It is not easy for a bird to find food when winter approaches. The fields become empty and all the crops have been harvested. There are only some wild berries that can be picked, but their location is sometimes hidden.

We will help the birds find food. A bird looks for food by flying over a field and scanning it for the edible berries. Suppose that we are given the shape of a berry area in the field and we want to decide whether it is useful for the bird to cross the field along a chosen line. The flight is considered useful if the bird flies over an extension of berries that exceeds some threshold length.

We will view a berry area as a polygon where vertices are approximated by integer values. Birds always follow vertical lines in their flight, and never fly over the vertices of the polygon: in those points there are usually scarecrows that frighten them.

Your task is to decide if the flight along a given line is useful. You will be given a sequence of coordinates defining the berry area, a value for the threshold and the x-coordinate of the line to be followed by the bird.

As an example, the following figure illustrates the location of a berry area in a field, where "line1" and "line2" are possible flight paths.
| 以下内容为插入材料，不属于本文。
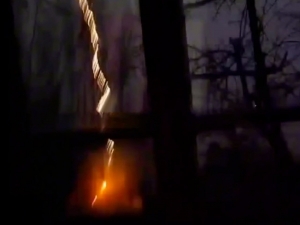 Samarqandda uylardan biriga yashin tushdi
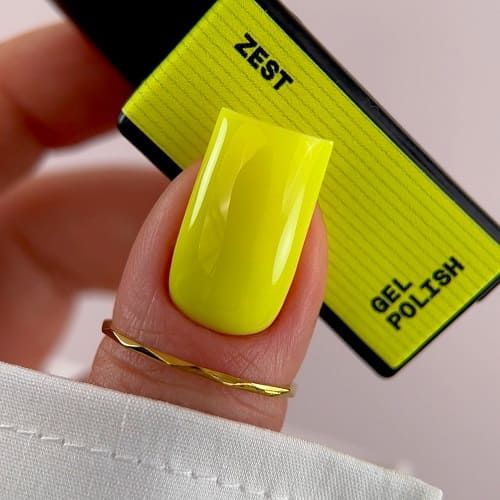 Гель-лак Biblioteka 69 Zest  м’який неоновий жовтий, 10мл
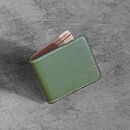 栃木レザー使用｜滑らか本革二つ折り財布｜Half wallet 01｜オリーブ｜minca（全7色）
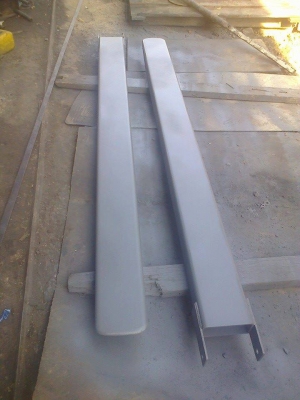 ขายปลอกงา ยาว 1.22เมตร พ่นสีกันสนิมเทา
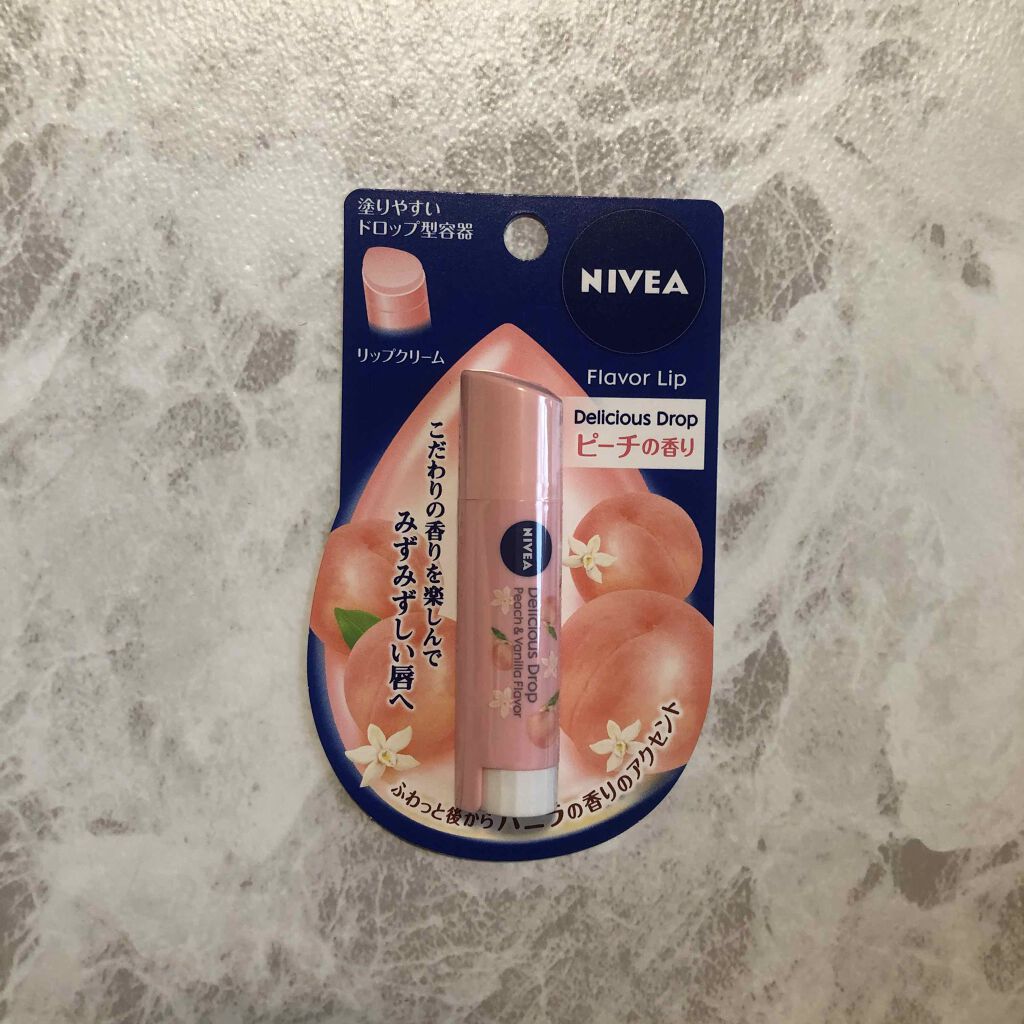 ニベア フレーバーリップ デリシャスドロップ ピーチの香り/ニベア/リップクリームを使ったクチコミ（1枚目）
If the threshold is set to 2 length units, line 2 will be an interesting flight path but line 1 will be not.

sample field

Problem

Given the shape of the berry area, the threshold and the x-coordinate of the line to be followed by the bird, decide whether the line is useful. Assume that the given x-coordinate does not intersect the polygon at any vertex.

Input

The first line of the input contains the number T of test cases, followed by T input blocks.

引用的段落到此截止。